Miniature flows with viscoelastic fluids thus have the potential for logic devices, but the flow dynamics in these systems needs to be extensively investigated because the small scales change the equilibrium of forces and effects in comparison with large scales. This is particularly true of viscoelastic fluids, where almost everything remains to be done at microfluidic scales. This is the motivation for this proposal: to investigate in detail, experimentally as well as numerically, the flow of viscoelastic fluids in a number of geometries that have asymmetric behavior in order to clarify the role of fluid Rheology and flow geometry into the observed fluid dynamical performance.
Two cases are investigated here: (1) the microfluidic diode, a channel made of a chain of identical triangle segments connected by bottleneck contractions, the behaviour of which depends on flow direction and (2) a smooth expansion with a side entrance/exit.
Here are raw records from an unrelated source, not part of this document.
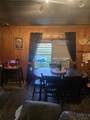 705 Edgar Olive Road - Photo 3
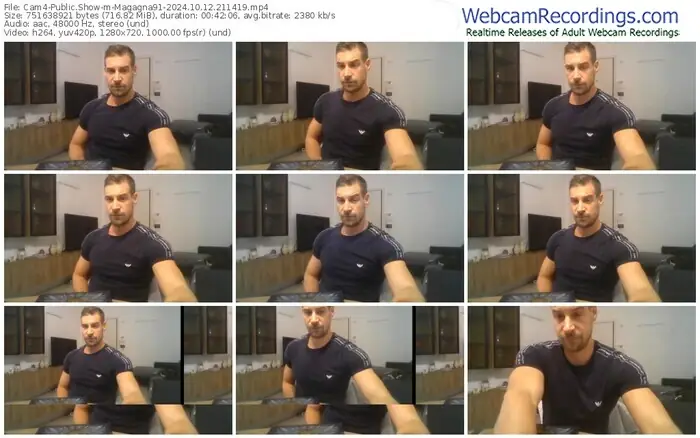 2024/10/12/cam4-magagna91-21-14-19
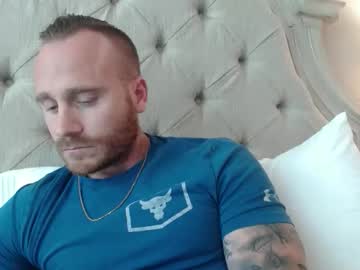 Beachfun2526 Chaturbate stream image from September 11, 2025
To obtain these geometries, classical lithography is used first to make a set of metallic masks. From these, the microchannels are fabricated out of an elastomer using soft lithography in a clean room (spincoat, expose and dissolve). The other elements making the flow circuit (syringe pumps, reservoirs, pressure transducers) are then assembled together, fluids are rheological characterized, seeding particles are added to the fluids and the flows are visualized in a microscope.
Although the experiments at small scale are to be performed for the first time by our mutidisciplinary team, it comes as the natural continuation of an on-going collaboration with the Hatsopoulos MicroFluidics Laboratory at MIT, where the Post-Doc researcher is presently being trained on experimental microfluidics under the guidance of Prof. GH McKinley, who is also a consultant in this project.
The numerical work is an extension of our own viscoelastic numerical research at macro scales using a finite-volume methodology based code. The differential constitutive equations are multi-mode and are selected to agree with the measured fluid Rheology. At our disposal are the Oldroyd-B, PTT, Giesekus, FENE-P and FENE-CR models.